ASSIGNED TASK: Make an exact copy of all the entries shown below.

Caption-style text data:
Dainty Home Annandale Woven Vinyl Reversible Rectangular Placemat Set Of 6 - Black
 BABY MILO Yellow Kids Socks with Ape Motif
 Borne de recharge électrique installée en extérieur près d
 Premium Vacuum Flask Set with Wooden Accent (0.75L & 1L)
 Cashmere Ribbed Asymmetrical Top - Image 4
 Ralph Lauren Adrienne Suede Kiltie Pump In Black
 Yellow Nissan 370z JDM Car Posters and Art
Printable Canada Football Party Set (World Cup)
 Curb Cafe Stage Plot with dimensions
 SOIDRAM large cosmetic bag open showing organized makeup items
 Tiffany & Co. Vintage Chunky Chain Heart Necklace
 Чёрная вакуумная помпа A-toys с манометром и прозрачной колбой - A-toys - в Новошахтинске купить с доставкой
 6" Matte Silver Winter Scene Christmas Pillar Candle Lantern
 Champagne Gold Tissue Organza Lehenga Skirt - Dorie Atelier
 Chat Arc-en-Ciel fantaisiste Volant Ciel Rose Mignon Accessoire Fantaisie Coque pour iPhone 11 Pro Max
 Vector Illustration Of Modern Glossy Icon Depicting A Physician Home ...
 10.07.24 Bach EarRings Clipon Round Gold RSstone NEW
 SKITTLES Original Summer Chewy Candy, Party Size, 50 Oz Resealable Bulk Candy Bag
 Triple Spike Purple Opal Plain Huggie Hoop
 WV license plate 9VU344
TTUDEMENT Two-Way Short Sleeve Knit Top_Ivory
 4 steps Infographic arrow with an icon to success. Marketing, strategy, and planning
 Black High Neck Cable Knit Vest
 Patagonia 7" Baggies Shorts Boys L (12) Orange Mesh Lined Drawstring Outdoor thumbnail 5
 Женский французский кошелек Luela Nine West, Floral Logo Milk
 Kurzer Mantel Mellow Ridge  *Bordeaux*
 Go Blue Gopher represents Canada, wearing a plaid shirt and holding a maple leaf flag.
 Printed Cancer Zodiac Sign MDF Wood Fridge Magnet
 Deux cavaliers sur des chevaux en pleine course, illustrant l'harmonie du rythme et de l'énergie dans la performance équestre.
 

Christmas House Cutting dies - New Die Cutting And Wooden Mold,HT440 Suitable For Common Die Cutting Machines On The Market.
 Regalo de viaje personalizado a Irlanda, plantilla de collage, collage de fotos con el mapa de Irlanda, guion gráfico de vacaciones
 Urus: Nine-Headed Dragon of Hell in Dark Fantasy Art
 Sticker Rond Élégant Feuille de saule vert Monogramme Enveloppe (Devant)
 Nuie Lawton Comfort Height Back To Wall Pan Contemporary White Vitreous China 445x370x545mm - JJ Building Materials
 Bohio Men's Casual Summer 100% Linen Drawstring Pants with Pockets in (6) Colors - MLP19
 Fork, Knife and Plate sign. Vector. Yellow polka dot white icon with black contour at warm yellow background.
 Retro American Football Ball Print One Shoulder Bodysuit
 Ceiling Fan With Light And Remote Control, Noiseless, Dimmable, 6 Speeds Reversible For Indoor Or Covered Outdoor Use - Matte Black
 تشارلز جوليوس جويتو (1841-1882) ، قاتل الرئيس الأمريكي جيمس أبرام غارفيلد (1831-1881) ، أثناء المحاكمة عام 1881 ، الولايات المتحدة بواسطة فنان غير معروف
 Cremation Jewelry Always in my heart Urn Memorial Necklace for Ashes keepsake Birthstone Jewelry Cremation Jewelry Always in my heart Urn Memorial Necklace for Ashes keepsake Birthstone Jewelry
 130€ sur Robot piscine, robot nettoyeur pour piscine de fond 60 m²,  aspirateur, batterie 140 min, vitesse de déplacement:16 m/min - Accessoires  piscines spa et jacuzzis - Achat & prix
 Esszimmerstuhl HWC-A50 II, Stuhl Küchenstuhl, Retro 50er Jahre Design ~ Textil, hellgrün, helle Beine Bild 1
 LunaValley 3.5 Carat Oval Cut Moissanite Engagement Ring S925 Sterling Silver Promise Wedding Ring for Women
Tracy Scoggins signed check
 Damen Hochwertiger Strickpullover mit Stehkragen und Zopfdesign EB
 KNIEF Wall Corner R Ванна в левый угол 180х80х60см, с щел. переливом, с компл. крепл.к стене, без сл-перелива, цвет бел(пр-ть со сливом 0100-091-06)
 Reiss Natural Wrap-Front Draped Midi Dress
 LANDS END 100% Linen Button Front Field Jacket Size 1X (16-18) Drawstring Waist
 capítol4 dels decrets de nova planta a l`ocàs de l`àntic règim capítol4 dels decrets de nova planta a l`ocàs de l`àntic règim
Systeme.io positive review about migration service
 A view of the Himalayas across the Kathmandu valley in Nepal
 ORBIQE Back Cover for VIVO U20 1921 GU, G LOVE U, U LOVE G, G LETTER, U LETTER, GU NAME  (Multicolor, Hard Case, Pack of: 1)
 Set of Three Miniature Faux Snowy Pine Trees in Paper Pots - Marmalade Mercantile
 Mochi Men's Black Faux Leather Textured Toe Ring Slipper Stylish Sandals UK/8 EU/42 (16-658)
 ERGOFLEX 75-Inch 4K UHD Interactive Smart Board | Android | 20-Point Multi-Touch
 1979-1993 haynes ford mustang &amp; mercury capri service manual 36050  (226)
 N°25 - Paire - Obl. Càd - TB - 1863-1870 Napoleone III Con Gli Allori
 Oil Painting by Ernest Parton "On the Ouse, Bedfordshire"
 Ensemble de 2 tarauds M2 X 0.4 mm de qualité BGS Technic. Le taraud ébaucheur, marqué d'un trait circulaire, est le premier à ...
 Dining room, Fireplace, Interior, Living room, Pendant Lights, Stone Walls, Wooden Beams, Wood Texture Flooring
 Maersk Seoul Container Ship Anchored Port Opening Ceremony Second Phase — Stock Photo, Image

SOLUTION TO THIS TASK:
Dainty Home Annandale Woven Vinyl Reversible Rectangular Placemat Set Of 6 - Black
 BABY MILO Yellow Kids Socks with Ape Motif
 Borne de recharge électrique installée en extérieur près d
 Premium Vacuum Flask Set with Wooden Accent (0.75L & 1L)
 Cashmere Ribbed Asymmetrical Top - Image 4
 Ralph Lauren Adrienne Suede Kiltie Pump In Black
 Yellow Nissan 370z JDM Car Posters and Art
Printable Canada Football Party Set (World Cup)
 Curb Cafe Stage Plot with dimensions
 SOIDRAM large cosmetic bag open showing organized makeup items
 Tiffany & Co. Vintage Chunky Chain Heart Necklace
 Чёрная вакуумная помпа A-toys с манометром и прозрачной колбой - A-toys - в Новошахтинске купить с доставкой
 6" Matte Silver Winter Scene Christmas Pillar Candle Lantern
 Champagne Gold Tissue Organza Lehenga Skirt - Dorie Atelier
 Chat Arc-en-Ciel fantaisiste Volant Ciel Rose Mignon Accessoire Fantaisie Coque pour iPhone 11 Pro Max
 Vector Illustration Of Modern Glossy Icon Depicting A Physician Home ...
 10.07.24 Bach EarRings Clipon Round Gold RSstone NEW
 SKITTLES Original Summer Chewy Candy, Party Size, 50 Oz Resealable Bulk Candy Bag
 Triple Spike Purple Opal Plain Huggie Hoop
 WV license plate 9VU344
TTUDEMENT Two-Way Short Sleeve Knit Top_Ivory
 4 steps Infographic arrow with an icon to success. Marketing, strategy, and planning
 Black High Neck Cable Knit Vest
 Patagonia 7" Baggies Shorts Boys L (12) Orange Mesh Lined Drawstring Outdoor thumbnail 5
 Женский французский кошелек Luela Nine West, Floral Logo Milk
 Kurzer Mantel Mellow Ridge  *Bordeaux*
 Go Blue Gopher represents Canada, wearing a plaid shirt and holding a maple leaf flag.
 Printed Cancer Zodiac Sign MDF Wood Fridge Magnet
 Deux cavaliers sur des chevaux en pleine course, illustrant l'harmonie du rythme et de l'énergie dans la performance équestre.
 

Christmas House Cutting dies - New Die Cutting And Wooden Mold,HT440 Suitable For Common Die Cutting Machines On The Market.
 Regalo de viaje personalizado a Irlanda, plantilla de collage, collage de fotos con el mapa de Irlanda, guion gráfico de vacaciones
 Urus: Nine-Headed Dragon of Hell in Dark Fantasy Art
 Sticker Rond Élégant Feuille de saule vert Monogramme Enveloppe (Devant)
 Nuie Lawton Comfort Height Back To Wall Pan Contemporary White Vitreous China 445x370x545mm - JJ Building Materials
 Bohio Men's Casual Summer 100% Linen Drawstring Pants with Pockets in (6) Colors - MLP19
 Fork, Knife and Plate sign. Vector. Yellow polka dot white icon with black contour at warm yellow background.
 Retro American Football Ball Print One Shoulder Bodysuit
 Ceiling Fan With Light And Remote Control, Noiseless, Dimmable, 6 Speeds Reversible For Indoor Or Covered Outdoor Use - Matte Black
 تشارلز جوليوس جويتو (1841-1882) ، قاتل الرئيس الأمريكي جيمس أبرام غارفيلد (1831-1881) ، أثناء المحاكمة عام 1881 ، الولايات المتحدة بواسطة فنان غير معروف
 Cremation Jewelry Always in my heart Urn Memorial Necklace for Ashes keepsake Birthstone Jewelry Cremation Jewelry Always in my heart Urn Memorial Necklace for Ashes keepsake Birthstone Jewelry
 130€ sur Robot piscine, robot nettoyeur pour piscine de fond 60 m²,  aspirateur, batterie 140 min, vitesse de déplacement:16 m/min - Accessoires  piscines spa et jacuzzis - Achat & prix
 Esszimmerstuhl HWC-A50 II, Stuhl Küchenstuhl, Retro 50er Jahre Design ~ Textil, hellgrün, helle Beine Bild 1
 LunaValley 3.5 Carat Oval Cut Moissanite Engagement Ring S925 Sterling Silver Promise Wedding Ring for Women
Tracy Scoggins signed check
 Damen Hochwertiger Strickpullover mit Stehkragen und Zopfdesign EB
 KNIEF Wall Corner R Ванна в левый угол 180х80х60см, с щел. переливом, с компл. крепл.к стене, без сл-перелива, цвет бел(пр-ть со сливом 0100-091-06)
 Reiss Natural Wrap-Front Draped Midi Dress
 LANDS END 100% Linen Button Front Field Jacket Size 1X (16-18) Drawstring Waist
 capítol4 dels decrets de nova planta a l`ocàs de l`àntic règim capítol4 dels decrets de nova planta a l`ocàs de l`àntic règim
Systeme.io positive review about migration service
 A view of the Himalayas across the Kathmandu valley in Nepal
 ORBIQE Back Cover for VIVO U20 1921 GU, G LOVE U, U LOVE G, G LETTER, U LETTER, GU NAME  (Multicolor, Hard Case, Pack of: 1)
 Set of Three Miniature Faux Snowy Pine Trees in Paper Pots - Marmalade Mercantile
 Mochi Men's Black Faux Leather Textured Toe Ring Slipper Stylish Sandals UK/8 EU/42 (16-658)
 ERGOFLEX 75-Inch 4K UHD Interactive Smart Board | Android | 20-Point Multi-Touch
 1979-1993 haynes ford mustang &amp; mercury capri service manual 36050  (226)
 N°25 - Paire - Obl. Càd - TB - 1863-1870 Napoleone III Con Gli Allori
 Oil Painting by Ernest Parton "On the Ouse, Bedfordshire"
 Ensemble de 2 tarauds M2 X 0.4 mm de qualité BGS Technic. Le taraud ébaucheur, marqué d'un trait circulaire, est le premier à ...
 Dining room, Fireplace, Interior, Living room, Pendant Lights, Stone Walls, Wooden Beams, Wood Texture Flooring
 Maersk Seoul Container Ship Anchored Port Opening Ceremony Second Phase — Stock Photo, Image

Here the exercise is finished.